自社で営業をかけても新規がなかなか増えない。採用しても育つ前に辞めてしまう。そんなときに候補へ挙がるのが営業代行です。営業代行とは売り先のリスト作成や架電、メール、アポ獲得といった新規開拓の実務を外部の専門チームが代わりに担うサービスを指します。戦略の設計から商談、クロージング支援まで一貫して任せられる形などなど、任せる範囲は会社によって幅があります。ただし、とりあえず外注すれば数字が増えるものではなく、種類や任せ方を取り違えると成果につながりません。

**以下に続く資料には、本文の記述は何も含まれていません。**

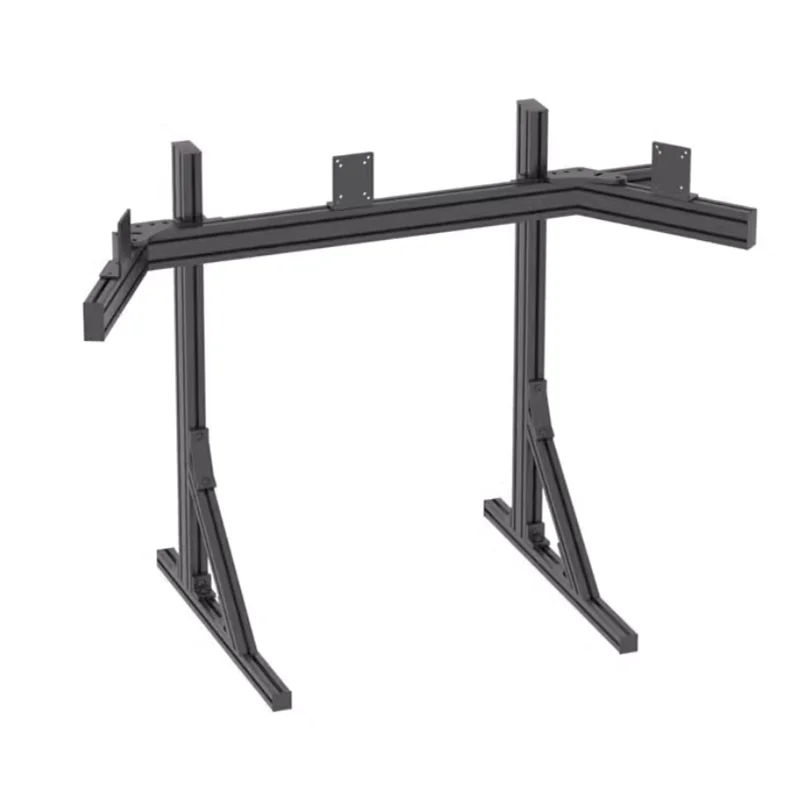 Custom Sim Racing Motion Simul - Triple Monitor Stand Sim Racing 评论和价格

この記事では営業代行とは何かを整理し、サービスの種類と向いている場面、契約と料金の考え方、依頼の流れまでをお伝えします。
営業代行とは|何をどこまで任せるサービスか
まず営業代行がどこまでを引き受けるのかを押さえておきましょう。範囲がはっきりすると自社で持つ部分と任せる部分の線引きがしやすくなります。
営業代行が引き受ける範囲
営業代行が担うのは、アプローチ先のリスト作成、架電やメールでの接触、課題のヒアリング、そして担当者や決裁者とのアポ獲得です。多くはここまでが中心になります。ただアポが取れても、その先の商談やクロージングが弱ければ受注には届きません。誰に何を当てるかという戦略の設計から、開拓、商談、クロージング支援までをどこまでカバーするかが成果の分かれ目になります。任せ方は新規開拓だけを切り出す形から、戦略から受注支援まで丸ごと預ける形まで幅があります。
営業代行・テレアポ代行・インサイドセールスの違い
営業代行と近い言葉に、テレアポ代行やインサイドセールス代行、営業コンサルティングがあります。重なる部分はありますが、担う範囲が違いますので下の表で整理します。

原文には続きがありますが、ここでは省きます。